OXFORD, Miss. – Sebastian Saiz took off his googles and stood alone at midcourt after Ole Miss (22-14) was eliminated from the quarterfinals of the National Invitation Tournament by Georgia Tech, 74-66, late Tuesday night.
While standing atop the school’s logo, Saiz looked into the stands of the sold out arena before then deciding to take one final lap around The Pavilion to say goodbye to fans and students at Ole Miss. It was the curtain call of one of the nation’s top collegiate basketball players.
His face made it clear he didn’t want the Rebels’ run in the NIT to end. Saiz hoped to end his career in New York City, hoisting the NIT Championship Trophy in Madison Square Garden as a lasting way to commemorate the overall success of the Rebels during his time as a player.
But Saiz’s place in Ole Miss men’s basketball history has already been solidified in the hearts and minds of his coaching staff, teammates, friends, family, and fans who have watched him dominate the college basketball circuit the last two seasons.

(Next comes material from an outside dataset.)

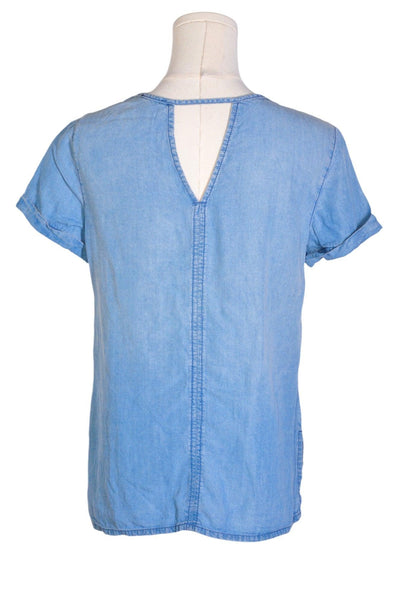 DYNAMITE Women Blouses Regular fit in Blue - Size XS | 13.25 $ KOOP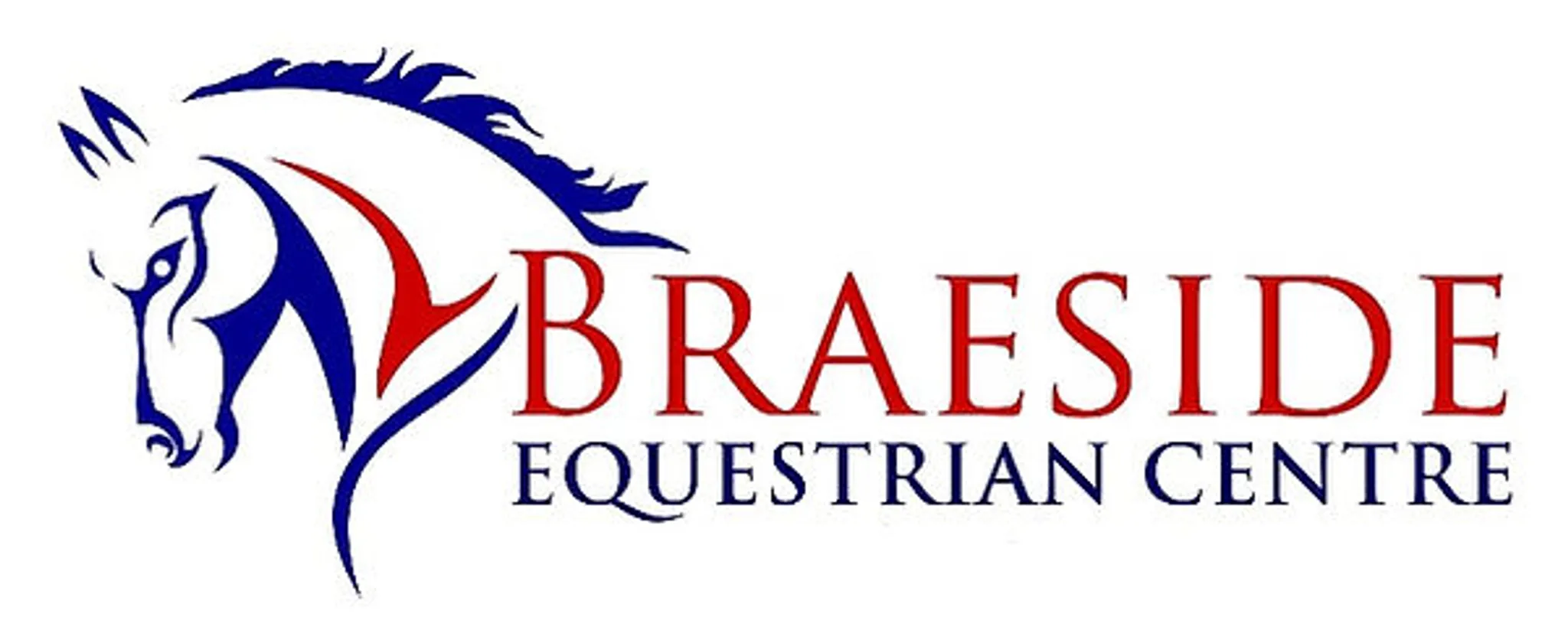 Braeside Equestrian Centre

Saiz finishes career with 32nd double-double
The Yellow Jackets (20-15) had a difficult time containing the 6-foot-9 Saiz, who was able to knock down hook shots over the taller Ben Lammers, who guarded the Rebels’ forward for most of the game. Saiz finished with 19 points and 15 points, which marked his 23rd double-double of the season and 32nd of his career.
He made 8 of 11 shots from the field, including going 3 of 4 from the free throw line. And even though his stellar performance wasn’t quite enough to get Ole Miss to the NIT Final Four, Saiz received praise from Georgia Tech’s head coach Josh Pastner about what makes him such a difficult matchup for opponents.

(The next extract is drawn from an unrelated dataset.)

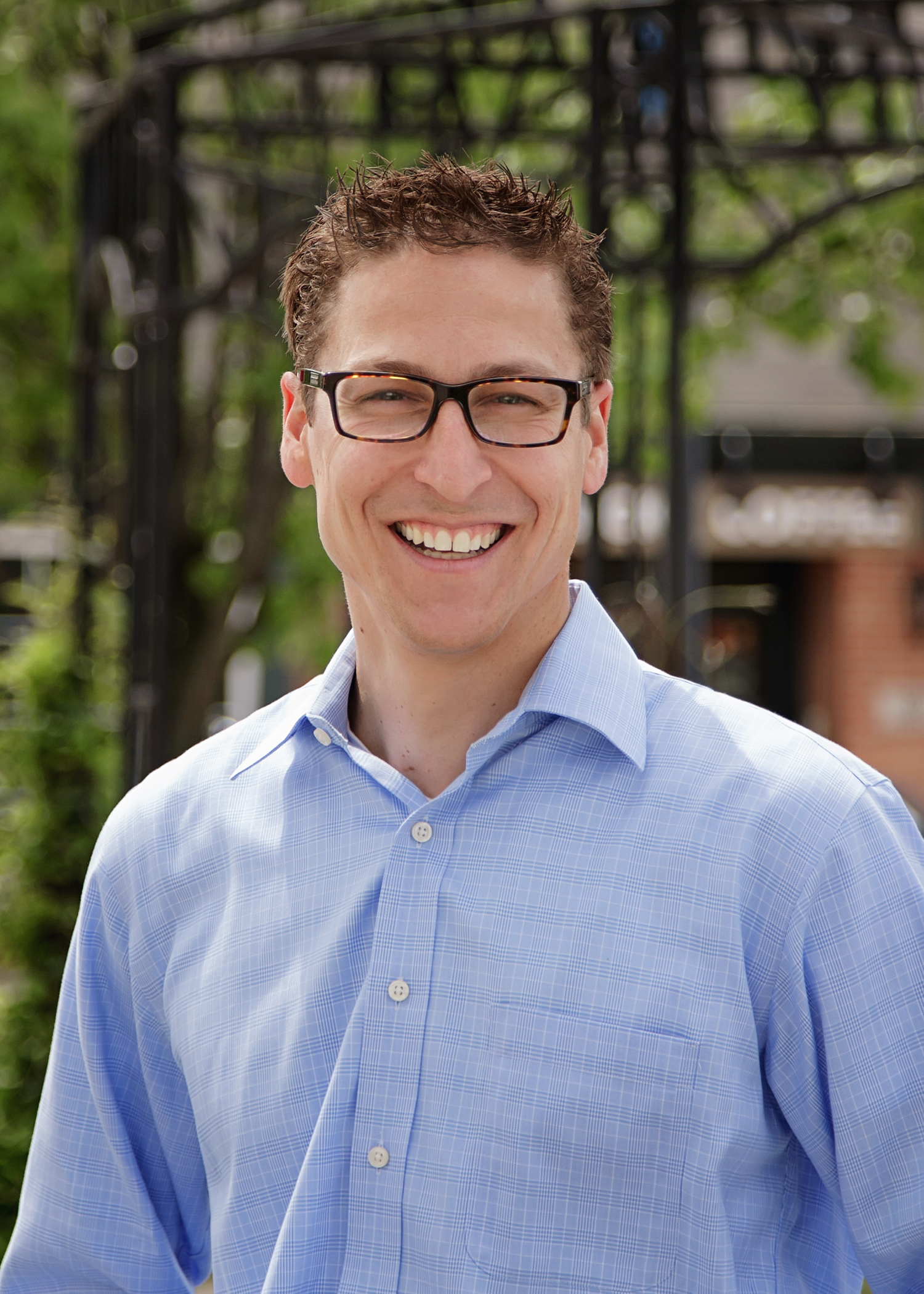 Jan Morel, Real Estate Agent Hinsdale, IL Coldwell Banker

“We know he’s really good,” Pastner said about Saiz, who also added two assists, two steals, and one block. “I remember from last year he kick our rear end when I was the coach at Memphis.
“I felt, even from my experience of dealing with him last year, we needed to do a good job of shrinking the floor, keeping it crowded, and making sure he sees bodies. He still played well; I mean he was 8 for 11. We didn’t do that great of a job. He had a double-double.”
Memphis head coach Josh Pastner on Sebastian Saiz
Saiz reaches a mountain of milestones
Saiz’ 23 double-doubles were a single-season school record, but the Madrid, Spain native reached other milestones Tuesday night. He became the seventh player – just the second player in Ole Miss history alongside Murphy Holloway – in Southeastern Conference history to score 1,000 points, grab 1,000 rebounds, and block 100 shots, and finishes his Rebel career ranked second in rebounds, fifth in blocked shots, fifth in double-doubles, and 23rd in points scored.
Coach Kennedy will miss the “tremendous kid”
It may be a long time before Andy Kennedy gets to coach another post player like Saiz, who was consistent night-in and night-out for Ole Miss.
It may also be a long time before another post player walks into Oxford and repeats Saiz’s success.
Kennedy was asked after the game about the type of person Saiz is. The Rebels’ 11th-year head coach used just one narrative: tremendous.
“He’s been a tremendous player. Today was his 23rd double-double of the season. That’s pretty amazing to get 23 double-doubles in a power five league.”
Andy Kennedy on Saiz
Kennedy reflected further on what Saiz has meant to Ole Miss and offered effusive praise of his star player.
“He’s a great kid. He has maximized his college experience. He’s really what it’s about. He came over here and he has maximized it. He’s a good kid that’s very active in a lot things other than being a good basketball player. I couldn’t be more pleased. He’s a tremendous kid and his loss will be felt, but I’m proud to see the man he leaves here being.”
Andy Kennedy on Saiz
With talented players like Breein Tyree, Terence Davis, Justas Furmanavicius, Deandre Burnett and Cullen Neal returning, along with some top incoming recruits, the future of Ole Miss men’s basketball is bright. However, it won’t be quite the same without “Sebas,” as Saiz is affectionately known. His presence will be missed.
Ole Miss finished the year with 20 wins for the ninth time in 11 seasons under head coach Andy Kennedy. The Rebels had just seven 20-win seasons in the 96 years prior to Kennedy’s arrival.